Courtesy of St. Olaf College

Jim Farrell is Professor of History, American Studies, Environmental Studies and American Conversations at St. Olaf College. As an interdisciplinary scholar and teacher, Jim’s teaching has been weird, if not innovative, including courses on Environmental History, Consumer History, The Mall of America, Nuclear Weapons and American Culture, Walt Disney’s America, Consuming College Culture, and Campus Ecology.  Despite this record, Jim was chosen as St. Olaf’s first Boldt Distinguished Teaching Professor in the Humanities, proving that Norwegians have a rich and refined sense of humor.  At the end of the millennium, Jim chaired the committee that wrote St. Olaf 2000: Identity and Mission for the 21st Century.  As “John Cummins,” Jim performs a one-man Chautauqua show based on the life of a nineteenth-century Minnesota pioneer.  As “Dr. America,” he was also curator of the magnificent (but wholly imaginary) American Studies Museum on public radio station WCAL.

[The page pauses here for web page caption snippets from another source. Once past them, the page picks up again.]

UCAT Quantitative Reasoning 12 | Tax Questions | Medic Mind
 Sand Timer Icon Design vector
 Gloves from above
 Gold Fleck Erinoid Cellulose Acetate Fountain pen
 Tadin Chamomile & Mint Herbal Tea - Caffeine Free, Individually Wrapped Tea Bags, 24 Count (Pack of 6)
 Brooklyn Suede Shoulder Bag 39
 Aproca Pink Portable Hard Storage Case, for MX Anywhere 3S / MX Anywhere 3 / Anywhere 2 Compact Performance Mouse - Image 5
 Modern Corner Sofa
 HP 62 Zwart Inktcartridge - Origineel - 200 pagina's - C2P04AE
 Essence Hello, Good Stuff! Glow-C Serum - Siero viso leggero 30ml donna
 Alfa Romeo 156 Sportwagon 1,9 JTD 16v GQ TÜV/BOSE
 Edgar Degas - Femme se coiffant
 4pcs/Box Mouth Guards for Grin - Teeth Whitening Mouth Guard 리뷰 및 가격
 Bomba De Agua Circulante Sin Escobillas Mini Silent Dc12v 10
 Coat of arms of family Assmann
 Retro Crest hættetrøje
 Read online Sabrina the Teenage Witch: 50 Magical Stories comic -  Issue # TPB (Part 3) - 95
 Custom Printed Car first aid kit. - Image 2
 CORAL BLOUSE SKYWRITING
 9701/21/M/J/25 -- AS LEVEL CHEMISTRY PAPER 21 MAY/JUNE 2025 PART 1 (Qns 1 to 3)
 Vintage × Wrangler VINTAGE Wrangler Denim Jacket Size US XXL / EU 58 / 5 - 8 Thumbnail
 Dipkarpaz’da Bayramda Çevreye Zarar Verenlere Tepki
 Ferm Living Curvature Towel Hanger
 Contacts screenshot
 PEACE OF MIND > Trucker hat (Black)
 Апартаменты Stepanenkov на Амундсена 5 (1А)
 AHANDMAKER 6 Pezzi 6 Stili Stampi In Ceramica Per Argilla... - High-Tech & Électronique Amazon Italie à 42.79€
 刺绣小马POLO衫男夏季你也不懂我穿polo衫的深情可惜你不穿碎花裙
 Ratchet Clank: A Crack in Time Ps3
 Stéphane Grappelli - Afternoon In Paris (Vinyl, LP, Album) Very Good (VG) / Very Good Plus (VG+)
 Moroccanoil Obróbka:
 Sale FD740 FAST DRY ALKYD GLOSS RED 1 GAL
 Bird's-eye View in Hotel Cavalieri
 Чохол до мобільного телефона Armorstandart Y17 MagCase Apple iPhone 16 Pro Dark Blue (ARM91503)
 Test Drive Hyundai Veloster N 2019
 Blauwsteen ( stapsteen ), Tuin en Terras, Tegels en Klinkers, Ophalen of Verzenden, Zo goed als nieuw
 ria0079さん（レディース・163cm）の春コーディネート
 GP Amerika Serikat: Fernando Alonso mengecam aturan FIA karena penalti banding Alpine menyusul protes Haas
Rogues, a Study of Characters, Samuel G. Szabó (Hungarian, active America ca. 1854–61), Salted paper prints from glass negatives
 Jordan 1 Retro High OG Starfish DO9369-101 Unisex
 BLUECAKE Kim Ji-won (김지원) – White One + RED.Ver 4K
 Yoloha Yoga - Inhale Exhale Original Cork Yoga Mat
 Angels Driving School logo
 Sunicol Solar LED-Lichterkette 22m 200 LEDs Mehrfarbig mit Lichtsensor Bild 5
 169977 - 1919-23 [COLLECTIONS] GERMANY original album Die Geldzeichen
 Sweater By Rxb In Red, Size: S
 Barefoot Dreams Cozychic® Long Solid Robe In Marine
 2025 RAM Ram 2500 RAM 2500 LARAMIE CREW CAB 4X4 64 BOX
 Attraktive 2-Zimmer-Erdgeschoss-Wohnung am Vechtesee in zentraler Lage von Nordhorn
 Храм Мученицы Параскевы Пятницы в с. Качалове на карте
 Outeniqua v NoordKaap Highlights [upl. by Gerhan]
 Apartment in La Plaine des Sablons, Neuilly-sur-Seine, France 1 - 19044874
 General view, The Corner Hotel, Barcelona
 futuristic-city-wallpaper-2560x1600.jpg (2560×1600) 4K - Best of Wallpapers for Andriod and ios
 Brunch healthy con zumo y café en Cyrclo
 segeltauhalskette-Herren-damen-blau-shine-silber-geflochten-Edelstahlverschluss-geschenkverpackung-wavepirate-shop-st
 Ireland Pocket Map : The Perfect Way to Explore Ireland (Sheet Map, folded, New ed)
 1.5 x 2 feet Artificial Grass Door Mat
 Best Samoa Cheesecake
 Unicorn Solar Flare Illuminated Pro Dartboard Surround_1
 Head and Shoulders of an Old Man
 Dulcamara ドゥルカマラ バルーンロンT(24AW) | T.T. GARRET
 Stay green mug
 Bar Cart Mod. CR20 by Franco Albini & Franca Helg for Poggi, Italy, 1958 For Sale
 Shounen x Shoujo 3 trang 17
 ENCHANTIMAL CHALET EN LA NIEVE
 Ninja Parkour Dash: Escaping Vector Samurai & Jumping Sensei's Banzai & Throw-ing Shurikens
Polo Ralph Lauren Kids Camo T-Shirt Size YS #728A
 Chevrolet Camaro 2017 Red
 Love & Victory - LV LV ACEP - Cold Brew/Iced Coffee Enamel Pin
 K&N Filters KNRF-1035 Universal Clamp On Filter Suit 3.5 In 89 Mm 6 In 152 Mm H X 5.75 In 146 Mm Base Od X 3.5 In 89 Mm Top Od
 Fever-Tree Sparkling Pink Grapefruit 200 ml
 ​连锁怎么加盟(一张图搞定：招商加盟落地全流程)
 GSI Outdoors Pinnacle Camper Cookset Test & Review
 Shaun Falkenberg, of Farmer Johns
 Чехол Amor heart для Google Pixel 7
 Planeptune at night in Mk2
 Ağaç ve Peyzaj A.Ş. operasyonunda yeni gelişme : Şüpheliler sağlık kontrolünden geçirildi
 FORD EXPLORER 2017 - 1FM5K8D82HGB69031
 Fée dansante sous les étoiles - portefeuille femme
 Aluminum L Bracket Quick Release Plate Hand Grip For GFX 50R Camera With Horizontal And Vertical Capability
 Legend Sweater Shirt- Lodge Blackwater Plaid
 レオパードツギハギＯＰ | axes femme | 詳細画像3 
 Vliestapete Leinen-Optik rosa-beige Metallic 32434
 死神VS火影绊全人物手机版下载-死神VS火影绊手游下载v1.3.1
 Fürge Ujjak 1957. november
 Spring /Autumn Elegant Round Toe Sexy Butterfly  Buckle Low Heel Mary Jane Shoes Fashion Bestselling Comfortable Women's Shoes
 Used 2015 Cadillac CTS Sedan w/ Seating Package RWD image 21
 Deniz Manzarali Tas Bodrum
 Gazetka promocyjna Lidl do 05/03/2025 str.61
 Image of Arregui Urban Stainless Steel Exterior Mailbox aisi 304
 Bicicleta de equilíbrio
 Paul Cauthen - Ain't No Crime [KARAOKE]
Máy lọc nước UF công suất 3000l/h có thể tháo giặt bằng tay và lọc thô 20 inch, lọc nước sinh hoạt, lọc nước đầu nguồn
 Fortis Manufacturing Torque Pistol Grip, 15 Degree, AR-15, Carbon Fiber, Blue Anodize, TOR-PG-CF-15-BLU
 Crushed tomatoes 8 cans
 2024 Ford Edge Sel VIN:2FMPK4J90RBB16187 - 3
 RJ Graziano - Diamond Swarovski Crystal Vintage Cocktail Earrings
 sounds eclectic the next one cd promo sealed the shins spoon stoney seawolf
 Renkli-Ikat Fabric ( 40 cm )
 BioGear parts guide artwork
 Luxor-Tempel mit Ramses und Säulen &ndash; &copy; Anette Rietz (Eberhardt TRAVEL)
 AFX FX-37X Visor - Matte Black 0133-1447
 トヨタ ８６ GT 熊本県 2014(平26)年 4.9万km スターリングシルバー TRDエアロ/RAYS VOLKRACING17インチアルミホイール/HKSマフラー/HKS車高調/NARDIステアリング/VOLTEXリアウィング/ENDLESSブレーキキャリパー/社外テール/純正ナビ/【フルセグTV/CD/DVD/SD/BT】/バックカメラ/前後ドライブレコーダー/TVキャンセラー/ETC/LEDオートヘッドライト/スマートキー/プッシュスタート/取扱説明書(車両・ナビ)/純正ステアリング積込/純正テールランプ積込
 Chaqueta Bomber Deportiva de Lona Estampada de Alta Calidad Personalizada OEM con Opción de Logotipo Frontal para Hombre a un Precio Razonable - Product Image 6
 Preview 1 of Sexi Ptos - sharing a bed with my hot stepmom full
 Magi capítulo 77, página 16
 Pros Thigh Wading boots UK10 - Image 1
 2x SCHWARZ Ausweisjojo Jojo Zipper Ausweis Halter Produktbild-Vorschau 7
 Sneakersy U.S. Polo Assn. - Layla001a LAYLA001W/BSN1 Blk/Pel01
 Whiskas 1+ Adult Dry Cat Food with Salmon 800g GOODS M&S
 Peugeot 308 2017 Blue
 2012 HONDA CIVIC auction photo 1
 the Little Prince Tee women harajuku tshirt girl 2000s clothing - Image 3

Recently, as an active member of the St. Olaf’s Sustainability Task Force, he’s had a hand in the greening of St. Olaf. He wrote the first environmental review for the college task force, as well as St. Olaf’s Sustainability Principles, and he prepared most of the stuff for the college’s black & gold & green website. With colleagues from Carleton College, Jim has planned summer sustainability workshops called “Cows, Colleges and Curriculum.” on both campuses. With colleagues from the Associated Colleges of the Midwest, he helped put on a June 2010 workshop at Luther College on sustainability across the curriculum. In August of 2010, he addressed the opening faculty and staff meeting of the College of St. Benedict and St. John’s University on “The Nature of Our Lives: Sustainability and College Culture.” At the St. John’s symposium on happiness in September 2010, Jim spoke on “College Fun and the Pursuit of Happiness.”  And in April 2011, he’ll give the keynote address for the second session of the sustainability workshop at Luther College.

He’s also been an engaged member of the Association for the Advancement of Sustainability in Higher Education (AASHE), speaking at all of the AASHE conferences so far. In February 2010, he participated in AASHE’s Curriculum Summit, and he continues to speak and facilitate workshops at colleges across the Upper Midwest.

Before The Nature of College, his books include Inventing the American Way of Death 1830-1920 (Temple University Press, 1980),  The Nuclear Devil’s Dictionary (Usonia Press, 1985), The Spirit of the Sixties: Making Postwar Radicalism (Routledge, 1997);  One Nation Under Goods: Malls and the Seductions of American Shopping (Smithsonian, 2003).